Bees have been declining in recent years, some of it due to disease. However the European Food Safety Authority (EFSA), and various environmental campaigners, have highlighted the detrimental affect of a group of chemicals called neonicotinoids present in some building materials. They are pesticides which act as nerve agents that are seriously damaging to the health of bees and other insects.
DIY sheds pledge to remove harmful compounds from their shelves
The good news for bees is that two big DIY retailers have pledged to remove products containing neonicotinoids from their shelves. Although B&Q only stock one product with imidacloprid, Wickes have several containing thiamethoxam, both chemicals that are members of this harmful group of compounds. This is good news for home improvers and DIYers who can feel confident in not destroying bees while carrying our their building tasks.

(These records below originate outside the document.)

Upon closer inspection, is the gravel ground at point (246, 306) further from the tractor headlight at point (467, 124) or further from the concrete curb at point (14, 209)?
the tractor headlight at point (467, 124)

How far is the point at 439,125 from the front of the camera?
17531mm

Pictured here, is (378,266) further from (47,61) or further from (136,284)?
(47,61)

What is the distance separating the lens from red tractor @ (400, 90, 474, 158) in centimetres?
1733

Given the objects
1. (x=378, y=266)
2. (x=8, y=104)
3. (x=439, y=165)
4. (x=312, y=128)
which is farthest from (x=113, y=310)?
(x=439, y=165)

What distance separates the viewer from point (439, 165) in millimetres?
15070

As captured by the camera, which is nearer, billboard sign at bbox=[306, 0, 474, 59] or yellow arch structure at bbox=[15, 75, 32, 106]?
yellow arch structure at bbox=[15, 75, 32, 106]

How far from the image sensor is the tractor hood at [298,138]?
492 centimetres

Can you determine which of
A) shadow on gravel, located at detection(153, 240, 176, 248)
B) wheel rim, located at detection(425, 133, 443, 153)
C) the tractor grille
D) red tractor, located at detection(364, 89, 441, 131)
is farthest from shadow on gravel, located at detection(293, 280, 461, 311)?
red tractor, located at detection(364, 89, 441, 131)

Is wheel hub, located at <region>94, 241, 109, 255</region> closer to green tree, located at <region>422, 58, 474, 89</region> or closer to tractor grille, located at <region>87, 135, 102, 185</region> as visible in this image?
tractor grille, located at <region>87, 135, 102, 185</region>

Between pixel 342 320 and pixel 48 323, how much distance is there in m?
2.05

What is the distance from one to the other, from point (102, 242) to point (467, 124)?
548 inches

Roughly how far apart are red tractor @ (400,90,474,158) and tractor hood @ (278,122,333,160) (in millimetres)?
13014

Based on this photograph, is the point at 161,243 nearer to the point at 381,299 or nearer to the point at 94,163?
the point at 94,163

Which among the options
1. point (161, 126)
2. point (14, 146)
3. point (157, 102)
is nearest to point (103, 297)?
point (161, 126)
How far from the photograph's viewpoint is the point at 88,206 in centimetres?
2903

Bees are not the only pollinators in trouble
We may not think of the role that Moths play in our lives, however they are also important pollinators and their numbers are also falling. Numbers of moths have declined in Britain by approximately 28% in the last 40 years, however this is nearer 40% in the South of England. It is believed that removal of habitat is the most important factor.
While we might not feel very fond of moths they are an important source of food for our birds. Our gardens just wouldn’t be the same without the songbirds that visit would they? Those of us that watch the birds feeding fledgelings know that caterpillars make up a large proportion of food for chicks.

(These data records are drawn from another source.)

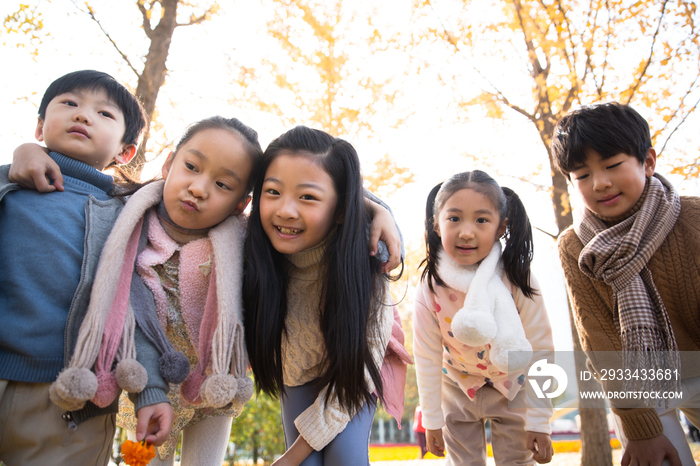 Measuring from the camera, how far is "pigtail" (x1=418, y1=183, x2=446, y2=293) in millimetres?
2363

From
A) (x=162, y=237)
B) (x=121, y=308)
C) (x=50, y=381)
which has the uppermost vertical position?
(x=162, y=237)

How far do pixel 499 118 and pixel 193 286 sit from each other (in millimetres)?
3854

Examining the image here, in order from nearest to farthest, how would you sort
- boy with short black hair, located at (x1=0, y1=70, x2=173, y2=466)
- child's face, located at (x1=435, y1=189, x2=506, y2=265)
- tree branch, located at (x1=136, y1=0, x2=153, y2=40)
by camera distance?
boy with short black hair, located at (x1=0, y1=70, x2=173, y2=466)
child's face, located at (x1=435, y1=189, x2=506, y2=265)
tree branch, located at (x1=136, y1=0, x2=153, y2=40)

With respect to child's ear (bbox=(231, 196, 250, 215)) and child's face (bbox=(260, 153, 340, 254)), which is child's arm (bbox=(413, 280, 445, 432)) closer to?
child's face (bbox=(260, 153, 340, 254))

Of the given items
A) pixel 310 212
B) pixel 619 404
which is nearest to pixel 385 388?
pixel 310 212

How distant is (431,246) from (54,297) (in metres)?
1.72

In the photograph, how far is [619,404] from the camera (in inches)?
77.2

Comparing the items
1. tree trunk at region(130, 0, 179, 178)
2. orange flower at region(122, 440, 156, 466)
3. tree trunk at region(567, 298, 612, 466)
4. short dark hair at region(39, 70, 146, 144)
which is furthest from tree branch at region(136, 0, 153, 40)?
tree trunk at region(567, 298, 612, 466)

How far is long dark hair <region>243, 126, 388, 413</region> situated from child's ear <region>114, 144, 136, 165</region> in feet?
2.10

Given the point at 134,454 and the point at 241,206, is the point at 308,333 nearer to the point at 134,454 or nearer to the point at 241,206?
the point at 241,206

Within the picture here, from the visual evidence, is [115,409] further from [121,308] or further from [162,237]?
[162,237]

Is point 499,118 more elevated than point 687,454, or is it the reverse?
point 499,118

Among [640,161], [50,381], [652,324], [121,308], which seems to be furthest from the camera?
[640,161]

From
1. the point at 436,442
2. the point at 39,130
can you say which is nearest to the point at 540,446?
the point at 436,442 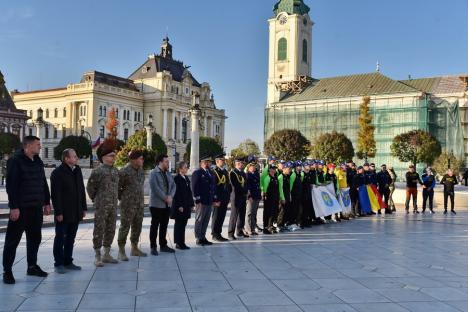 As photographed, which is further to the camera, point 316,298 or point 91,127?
point 91,127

Wildlife garden tips to encourage pollinators
The best way to encourage beneficial insects into our gardens is to leave some sections of the garden to run a bit wild. Allowing some wild flowers and weeds like nettles to grow, will give valuable shelter and food to moth larvae and eggs. If you can’t bear to see a messy bit of garden why not screen off an area with your shed or an attractive willow hurdle? Even better would be to plant a screening hedge using native British species such as hawthorn, blackthorn and hazel, to offer even more natural habitats to garden wildlife.
You could build a compost heap, a leaf mould basket, a log pile and even sink a shallow container to collect water, all in a very small area, and then allow weeds to self seed around these fixtures. You will be amazed at the biodiversity this will encourage into your garden as insects shelter, frogs and toads take advantage of cool sheltered damp spots, and you may even get hedgehogs moving into your log pile.